Write out exactly the lines below starting at the one containing "16 divided by" and ending at the one containing "I hope you are". Omit every picture.

RECORD SET →
########

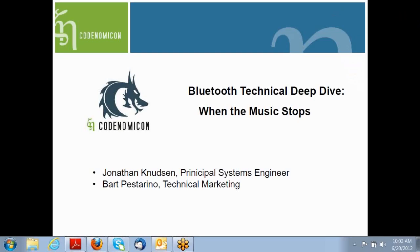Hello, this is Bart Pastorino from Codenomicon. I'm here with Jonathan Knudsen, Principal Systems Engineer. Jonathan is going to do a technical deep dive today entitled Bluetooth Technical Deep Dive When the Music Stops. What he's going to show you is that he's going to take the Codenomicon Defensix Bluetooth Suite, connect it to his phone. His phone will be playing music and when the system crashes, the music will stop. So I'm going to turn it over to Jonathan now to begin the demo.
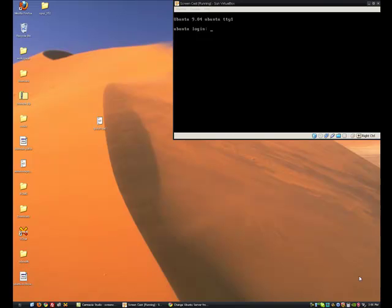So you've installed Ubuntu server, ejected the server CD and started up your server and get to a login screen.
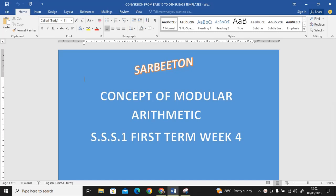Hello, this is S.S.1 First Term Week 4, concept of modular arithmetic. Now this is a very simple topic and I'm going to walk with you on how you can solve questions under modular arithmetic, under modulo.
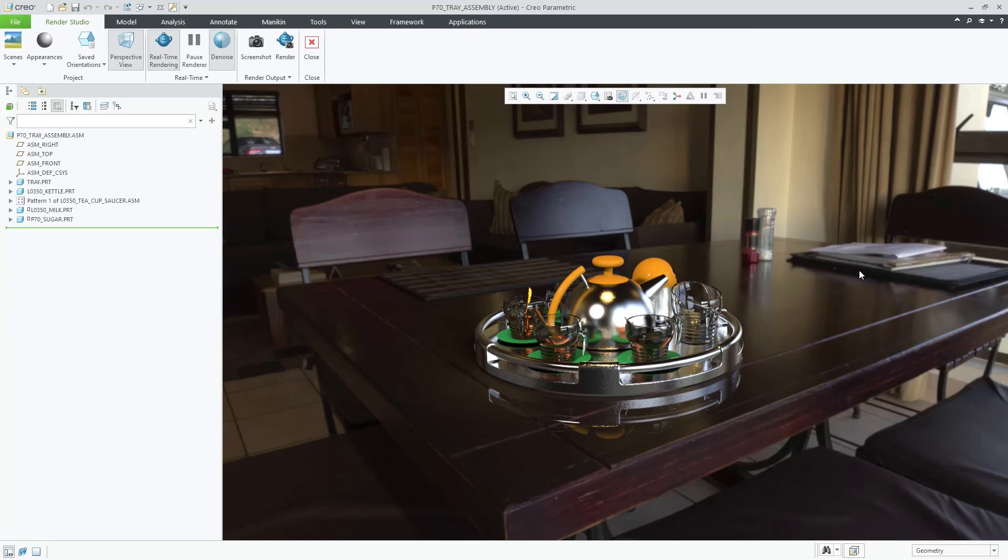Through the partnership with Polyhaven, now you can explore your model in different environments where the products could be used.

########

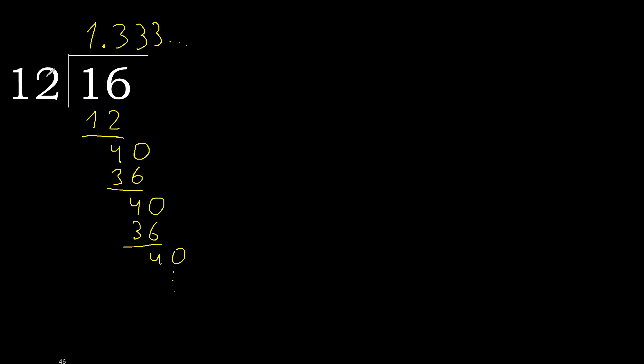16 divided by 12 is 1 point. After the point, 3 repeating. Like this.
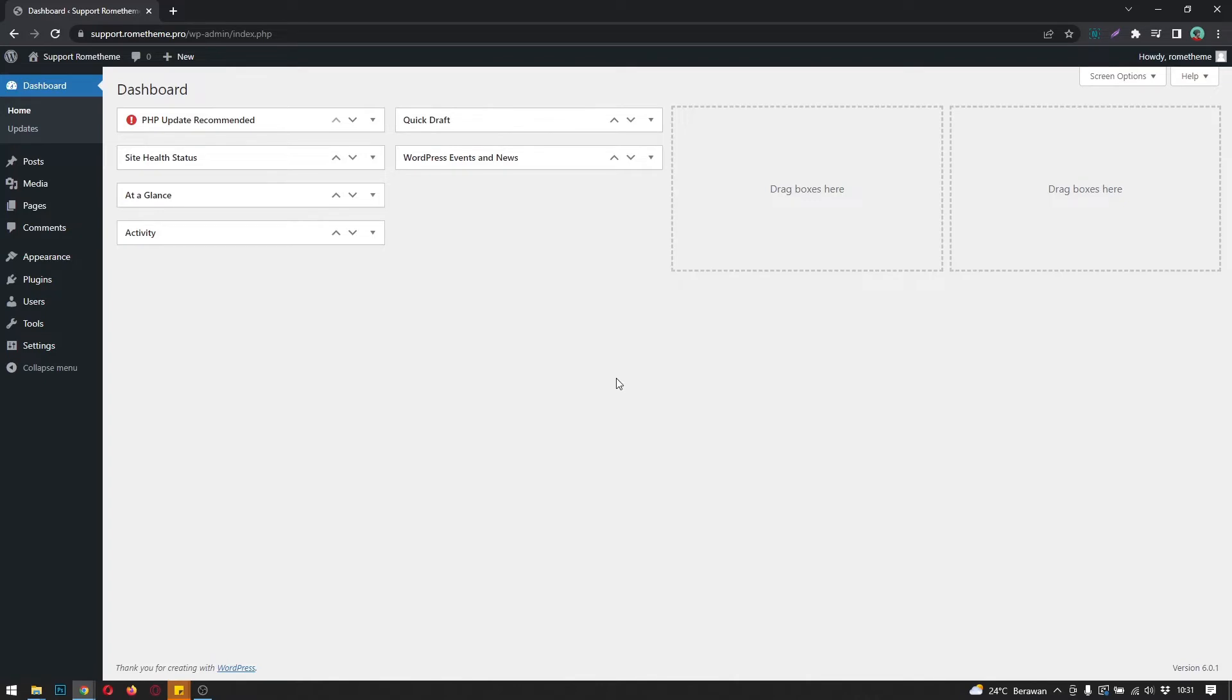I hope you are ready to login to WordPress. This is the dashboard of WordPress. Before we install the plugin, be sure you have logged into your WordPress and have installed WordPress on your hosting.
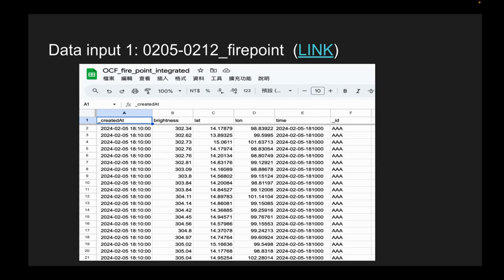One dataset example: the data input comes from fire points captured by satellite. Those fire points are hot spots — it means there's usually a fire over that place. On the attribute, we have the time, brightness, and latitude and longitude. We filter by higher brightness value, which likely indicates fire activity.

########

RESULT BELOW →
16 divided by 12 is 1 point. After the point, 3 repeating. Like this.
I hope you are ready to login to WordPress. This is the dashboard of WordPress. Before we install the plugin, be sure you have logged into your WordPress and have installed WordPress on your hosting.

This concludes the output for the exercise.